Cross Compile Data Integrity in a Virtual Machine

I recently mentioned on ifMUD that I wished we had a system that allowed cross-compile saved games. The reasons for this I think are obvious, simple, and would be extremely beneficial to the parser-based IF community. Especially if you’re building something large and plan on maintaining it and providing support to even a moderately-sized audience.

So what I’d like is a detailed discussion on the mechanics involved and why this is “hard”. I highly doubt that it’s “impossible”, but I assume there are serious challenges. What are those challenges? What would it take to start thinking about something that enabled this feature?

David C.
textfyre.com

I don’t have time for a full answer this weekend, but here’s the short form:

It’s not impossible, but I think it does necessarily put the burden of consistency checking on the game author. That makes IF authorship way more of a hard programming problem than it is now (and it’s pretty serious now).

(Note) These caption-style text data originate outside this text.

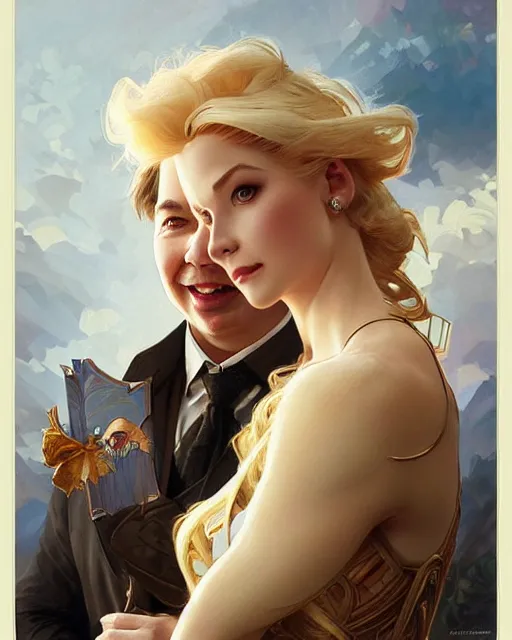 Image similar to Portrait of a  blonde lady and Michael mcintyre with Dogtanian, intricate, elegant, highly detailed, artstation, concept art, smooth, sharp focus, art by artgerm and greg rutkowski and alphonse mucha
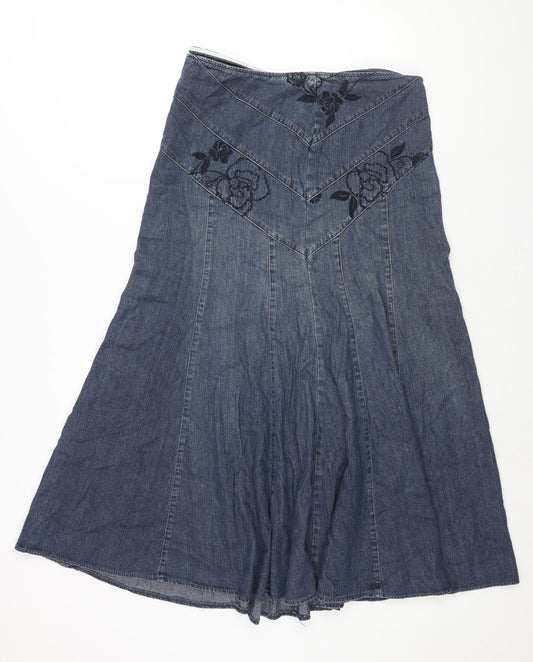 Marks and Spencer Womens Blue Cotton Trumpet Skirt Size 12 Zip - Floral Embroidery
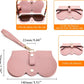 商品图片 21 | B0CFPPR4K1 | FEISEDY 2Pack Soft Leather Sunglass Bag, Portable Holder Eyeglasses Case | Lightweight Portable Design, With Button Clip Wrist Strap for Travel Daily Use B0049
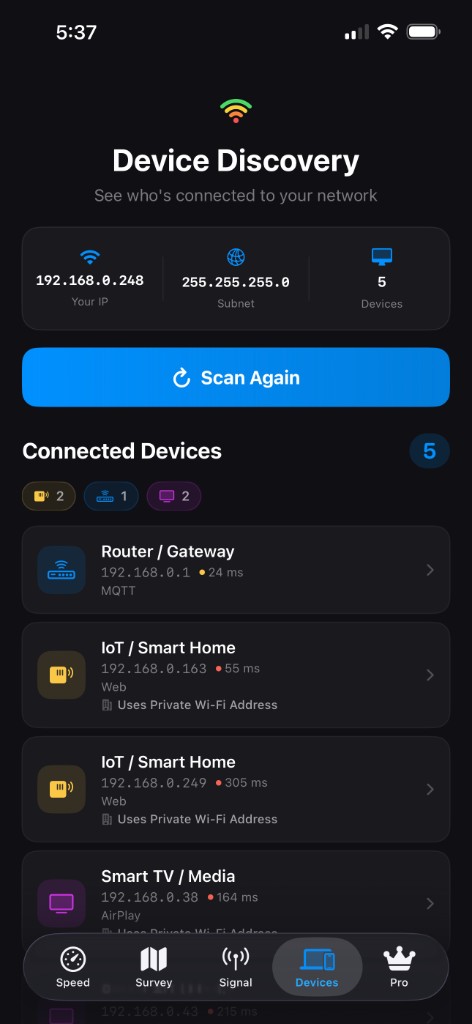 WiFi Buddy Devices tab listing 5 connected devices including a router, IoT lights, and a Smart TV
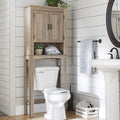 Over-the-Toilet Bathroom Storage Cabinet with Adjustable Shelf - Rustic Gray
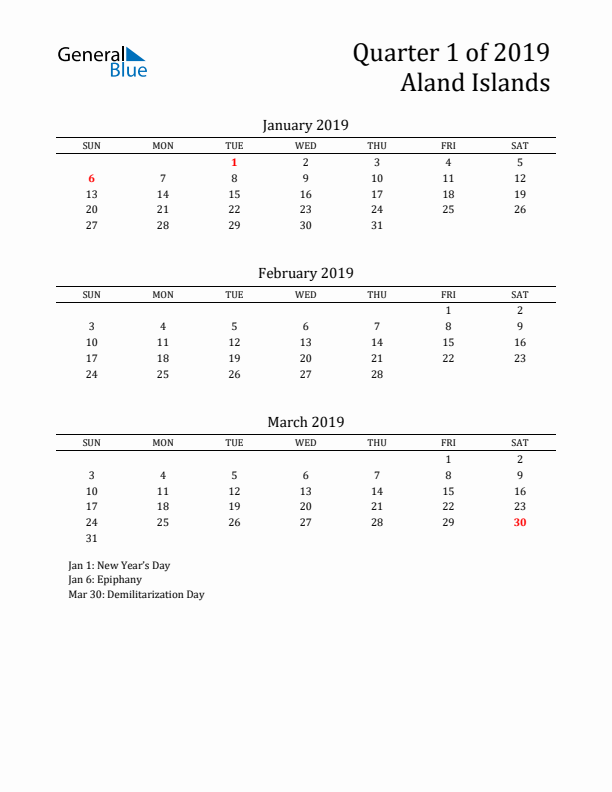 Quarter 1 2019 Aland Islands Quarterly Calendar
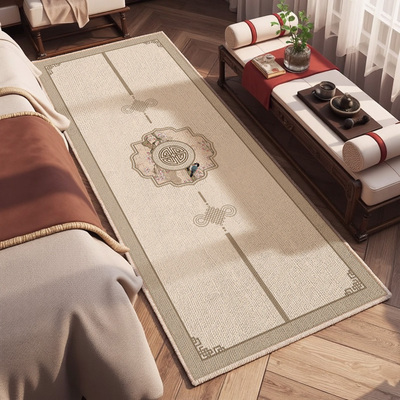 新中式床边地毯卧室床下长条踩脚垫茶室大尺寸满铺地垫客厅茶几毯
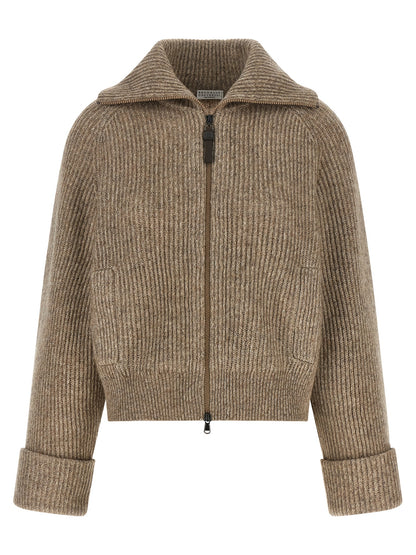 Brunello Cucinelli Shiny Zipper Pull Cardigan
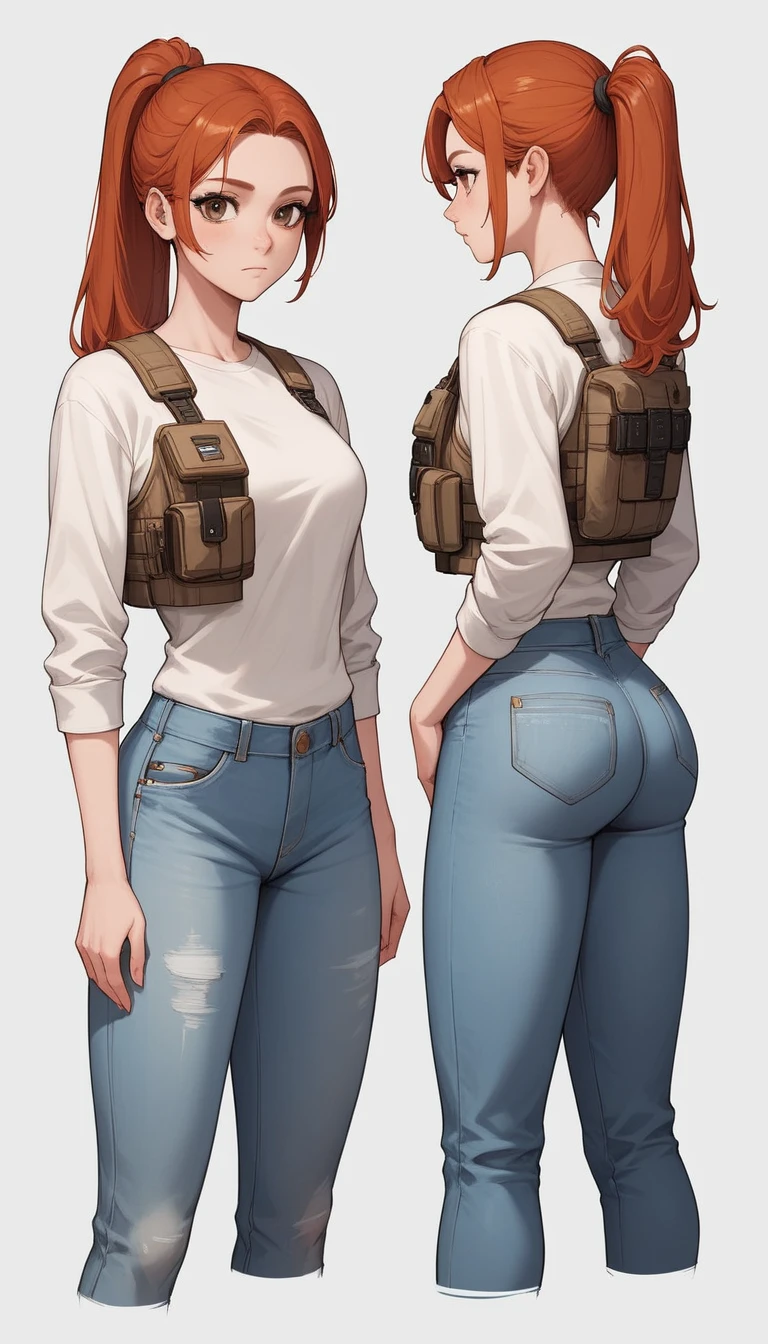 (draw) ((masterpiece, Best Quality)) (Character design sheet, Same character, Front, side, return, There are words written all around) Woman with long hair, Redhead with ponytail hairstyle, Brown eyes, Wearing a bulletproof vest, Long sleeve zipper shirt, White shirt and jeans, returnpack, Stand and relax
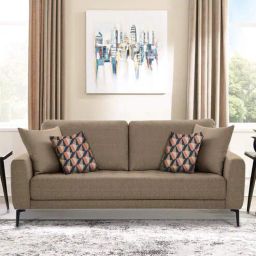 casacraft from pepperfry Portland Fabric 3 Seater Sofa in Brown Colour-picture-21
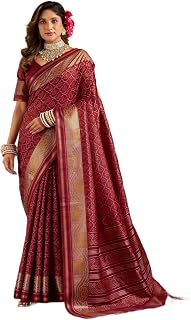 SWORNOF Women's Kanjivaram Soft Silk Banarasi Sarees With Unstiched Blouse Piece Price In India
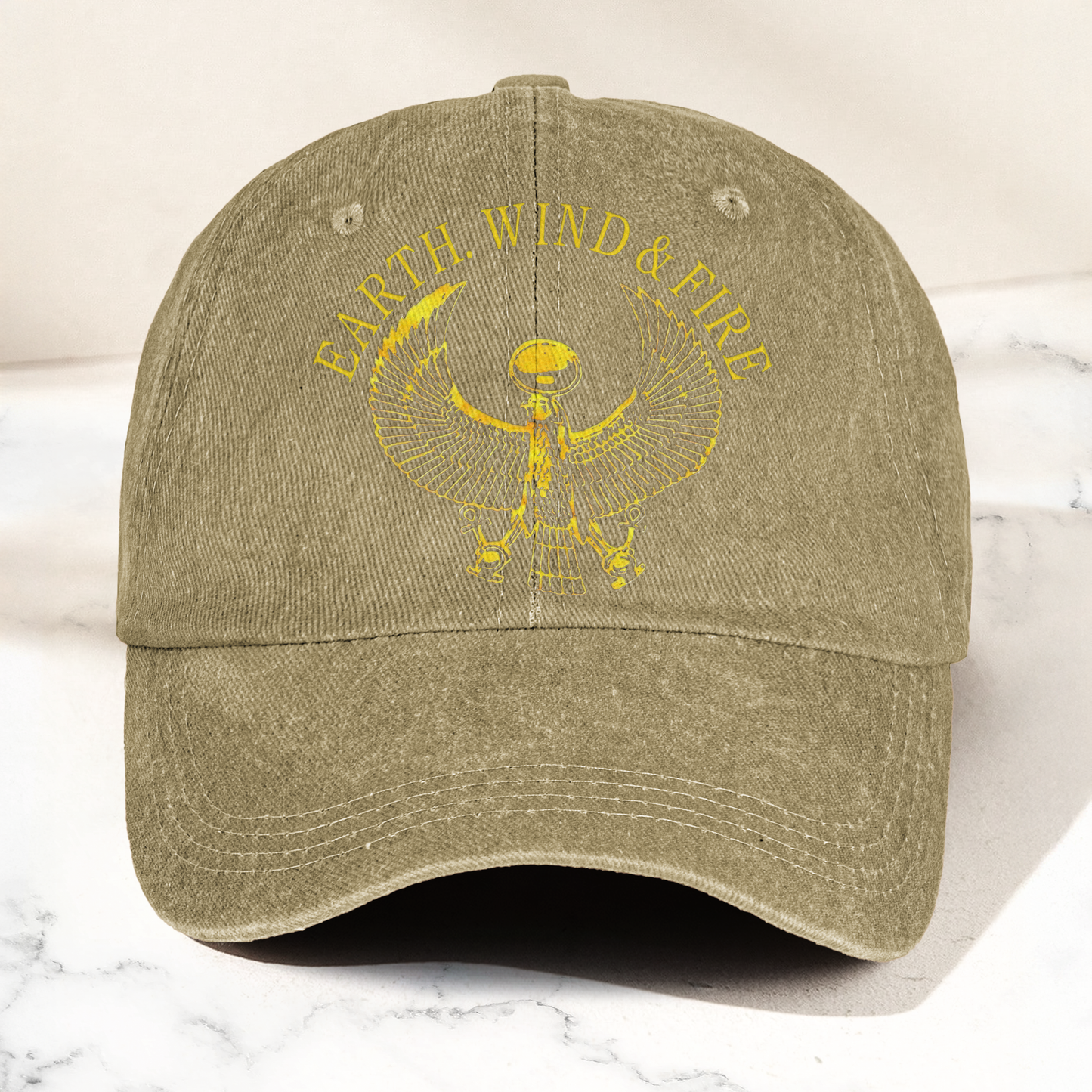 Earth Wind Fire Vintage Gold Egyptian Falcon Logo Denim Cap – Retro Vintage Dad Cap Gift For Dad (With Box)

So it would, for most authors, be buggy.

I know how I’d do it, and I’d trust myself to make it work right if I built it into the game from day one. I wouldn’t try to retrofit it into a game; and if I were teaching someone else, it would be hard work for both of us.

I knew I’d get that as a first response, but what I’m looking for is to set aside the why not’s and talk about the technical details and then talk about the repercussions.

I know you’re at DragonCon, hence the short answer, but I’d hope there are a few other technically minded folk who can chime in…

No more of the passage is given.